• Provided records
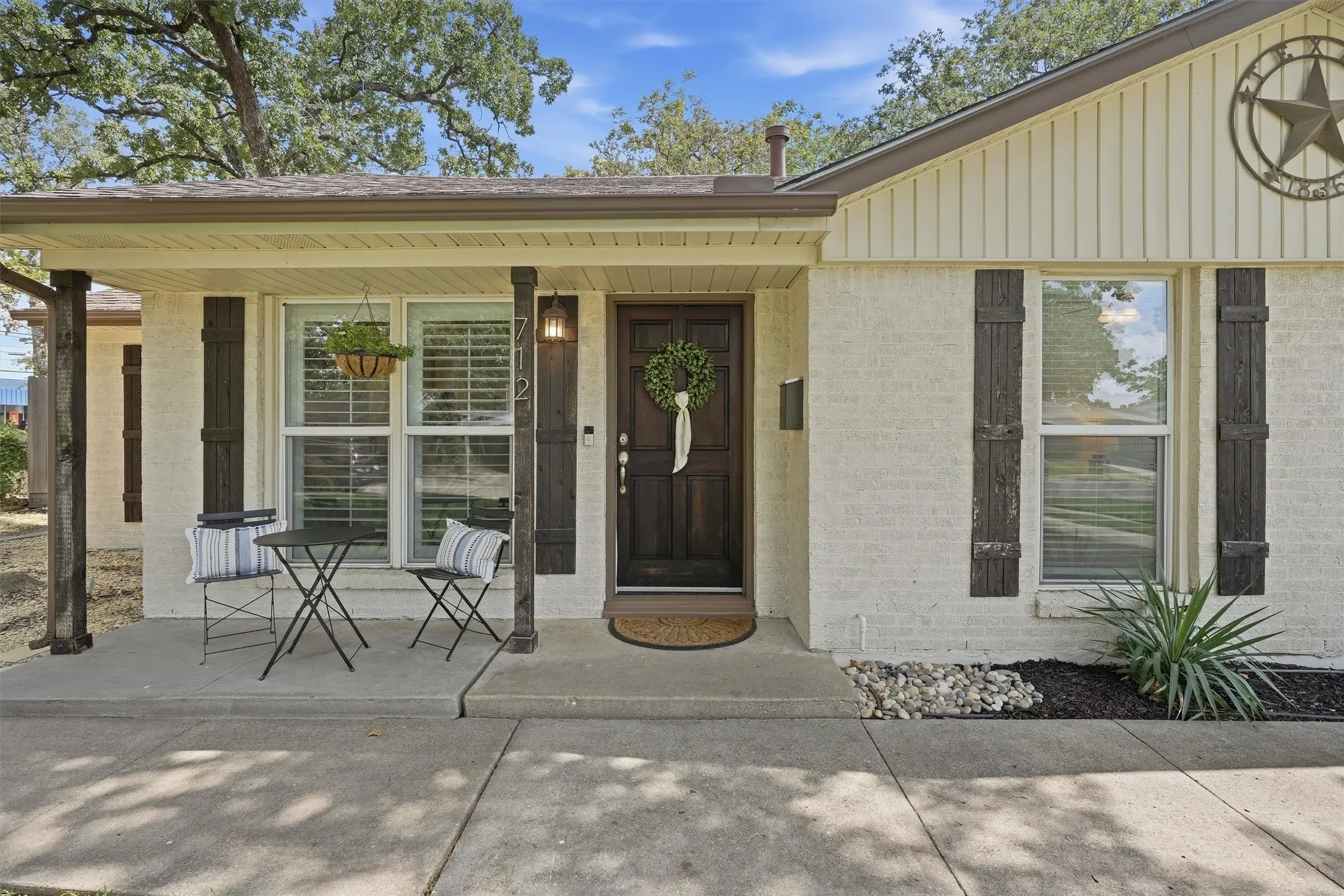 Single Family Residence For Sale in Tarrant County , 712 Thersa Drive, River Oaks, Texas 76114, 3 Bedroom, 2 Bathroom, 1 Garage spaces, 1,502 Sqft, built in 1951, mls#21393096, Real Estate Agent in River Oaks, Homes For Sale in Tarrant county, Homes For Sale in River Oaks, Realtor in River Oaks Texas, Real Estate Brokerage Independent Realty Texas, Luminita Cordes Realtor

...

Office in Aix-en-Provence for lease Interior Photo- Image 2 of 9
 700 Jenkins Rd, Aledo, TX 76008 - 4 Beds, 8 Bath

--

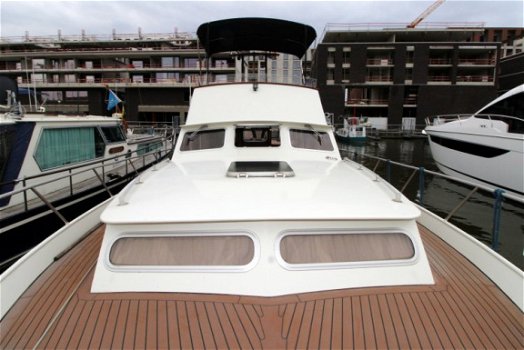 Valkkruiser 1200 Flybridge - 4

• Instructions for the task
As listed above, the lines from the line with "Office in Aix-en-Provence" to the line with "700 Jenkins Rd, Aledo, TX" are to be echoed exactly, with both ends included and nothing added.

• Solved problem
Office in Aix-en-Provence for lease Interior Photo- Image 2 of 9
 700 Jenkins Rd, Aledo, TX 76008 - 4 Beds, 8 Bath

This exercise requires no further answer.